* Information provided
──────────

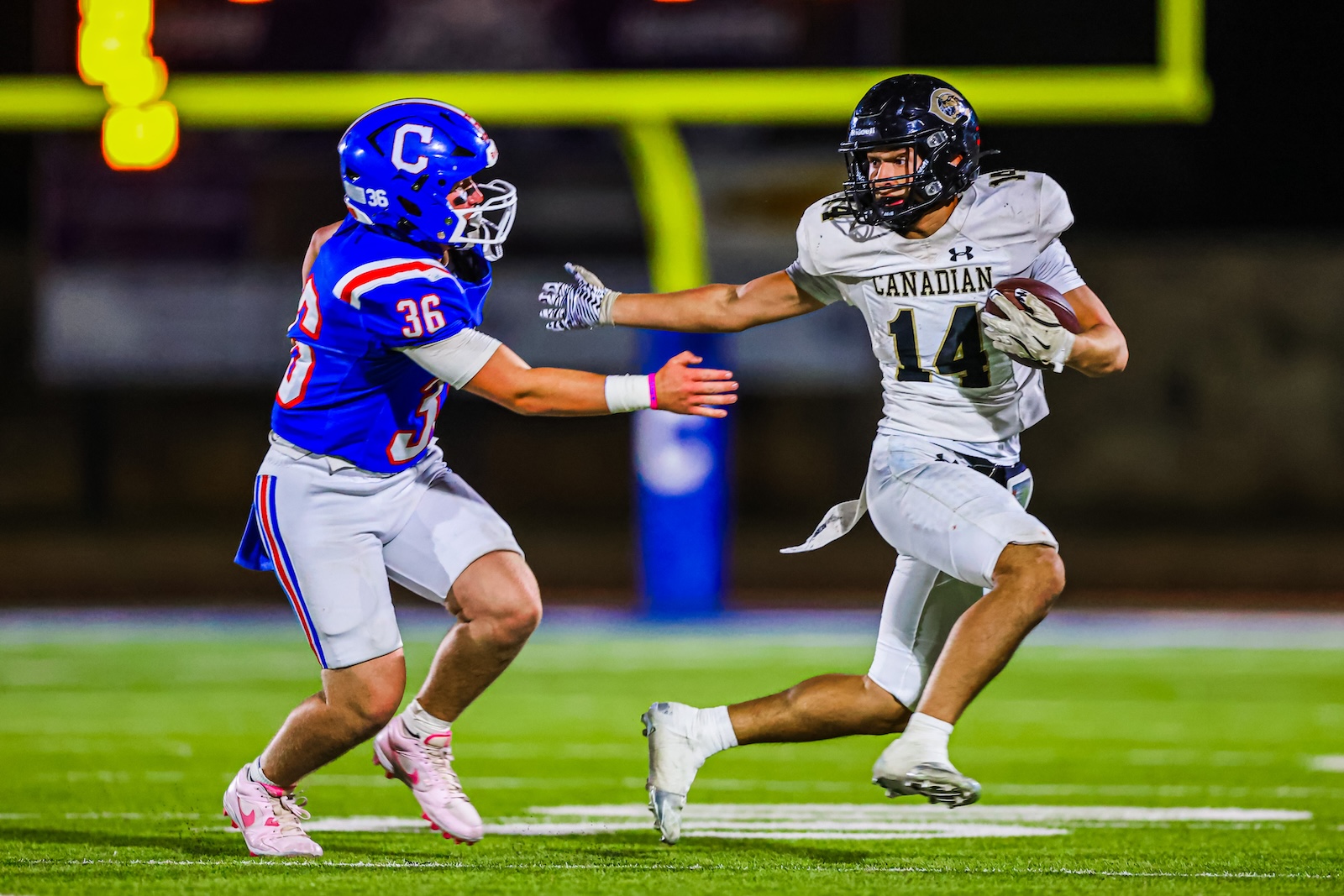 CT9A9636 | Press Pass Sports Two football players collide on a night game: blue jersey number 36 vs. white Canadian jersey number 14, rushing toward each other with ball carrier advancing.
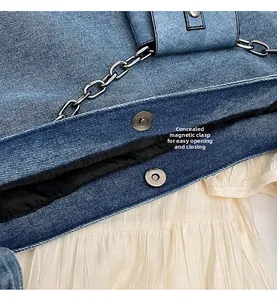 Detailed close-up of the invisible magnetic buckle on blue denim tote bag for easy closure
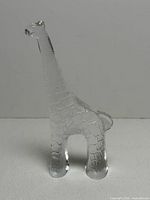 Front view of clear glass giraffe figurine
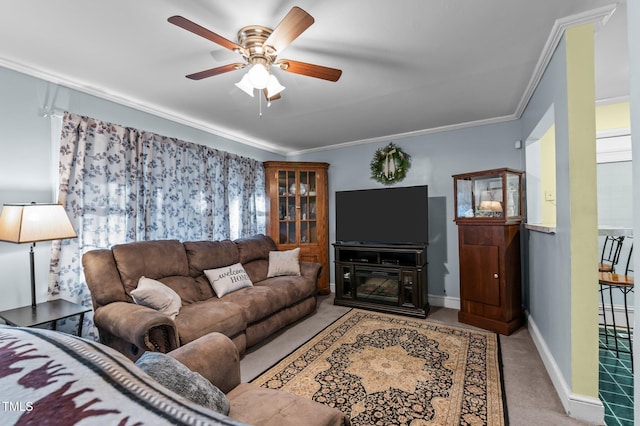 living area with a ceiling fan, crown molding, carpet, and baseboards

──────────

* Directions
Nothing but the lines from the start of the listing through the line with "Front view of clear glass giraffe figurine" belongs in the answer, each one retyped exactly and without pictures.

* Reply to the exercise
 CT9A9636 | Press Pass Sports Two football players collide on a night game: blue jersey number 36 vs. white Canadian jersey number 14, rushing toward each other with ball carrier advancing.
 Detailed close-up of the invisible magnetic buckle on blue denim tote bag for easy closure
 Front view of clear glass giraffe figurine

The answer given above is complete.